Except concerns of lagging too much behind the schedule, I like to rewrite any part of my code if it is necessary. I'll give my feedback after reading your commit.

I do this without further discussion but in a separate commit which makes it revertable

This has been superseded by the wrapped QProcess signals

a) Git commands don't raise GitError only because of something present in stderr b) Through checking self._stderr and _stdout for "None" it is possible to determine a job has completed. c) run_blocking returns a (stdout, stderr) tuple, the async version also populates these two properties => Of course these changes have to be reflected by the callers (= currently gitrepoo.Repo() )

uliska · 2017-06-29T10:03:50Z

I've added some more commits reshaping and cleaning gitjob.py even more, and I think we should go that way, updating the "caller" accordingly.

I would also suggest to continue with #974 (comment) and especially #974 (comment),
but I would rather merge this Pull Request back to the rewrite-vcs branch first.

wenxin-bupt · 2017-06-29T13:14:51Z

I think we have different abstract of Git().

I take a Git() instance as a Git command shell. As long as it is alive, I can give it commands and it outputs the result.

Your Git() is a wrapped QProcess. When we need to run a command, we instantiate a Git() and connect the related functions with it.

If we instantiate and run a Git() object in a function, will it still work when the function ends execution and the Git() object is destroyed?
I think the command queue pattern have some advantages over the signal-slot-chain pattern. I suggest keeping it in Repo().

Here are the scenarios I considered when I chose command queue pattern:

Scenario 1
We need to check the repository's status every several seconds in case the repository is modified outside Frescobaldi. Typically, when a file in this repository is opened in Frescobaldi, there are four commands need to run one after another.
1. check whether the Git is working
2. check whether the root folder is still a repository.
3. check whether the committed file is updated
4. check whether the file in Index is updated.
When connecting them with signal-slot, we can't simply connect the later Git() command to currently running Git() command's finished signal. The later one must wait until the handling function ends and call it. It surely needs more code than just appending them into a command queue. More importantly, signal-slot-chain couples the functions together, while adding commands into a queue is easier to read and modify.

Scenario 2
The users can type in characters very quickly.
E.g. when a key in keyboard is pressed continuously. 1000 'a' are entered consecutively.

Repo() needs to run a git diff command once receive a document-changed signal. We need to run 1000 times git diff command. This would certainly deteriorate the performance.

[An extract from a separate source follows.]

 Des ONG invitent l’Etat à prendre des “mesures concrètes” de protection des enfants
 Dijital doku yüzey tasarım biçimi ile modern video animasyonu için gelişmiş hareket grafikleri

If we use signal-slot-chain here, how can we optimize the it? I think we can set a command execution time threshold. For example, two consecutive Git commands must have a interval of more than 5ms. Otherwise the later Git command will be neglected. By this way, we can reduce the number of Git command that really execute.

But if we use a command queue here, it will be much easier. When 1000 Git commands are inserted into the queue, we do a duplication removal operation on the queue. Only the last Git diff command will be kept and other git commands won't be neglected at the same time.

So in my opinion we can change Git() and move the command queue to Repo()

uliska · 2017-06-30T08:46:16Z

I think we have different abstract of Git().

Yes and no.

I take a Git() instance as a Git command shell. As long as it is alive, I can give it commands and it outputs the result.

Your Git() is a wrapped QProcess. When we need to run a command, we instantiate a Git() and connect the related functions with it.

Not necessarily. Depending on the use case, "my" Git() can also be kept as a member variable. it is designed to perform multiple jobs consecutively, although it has a narrower focus of just one job at a time. It is provided for that for example by reinitializing the result fields before starting the process.

If we instantiate and run a Git() object in a function, will it still work when the function ends execution and the Git() object is destroyed?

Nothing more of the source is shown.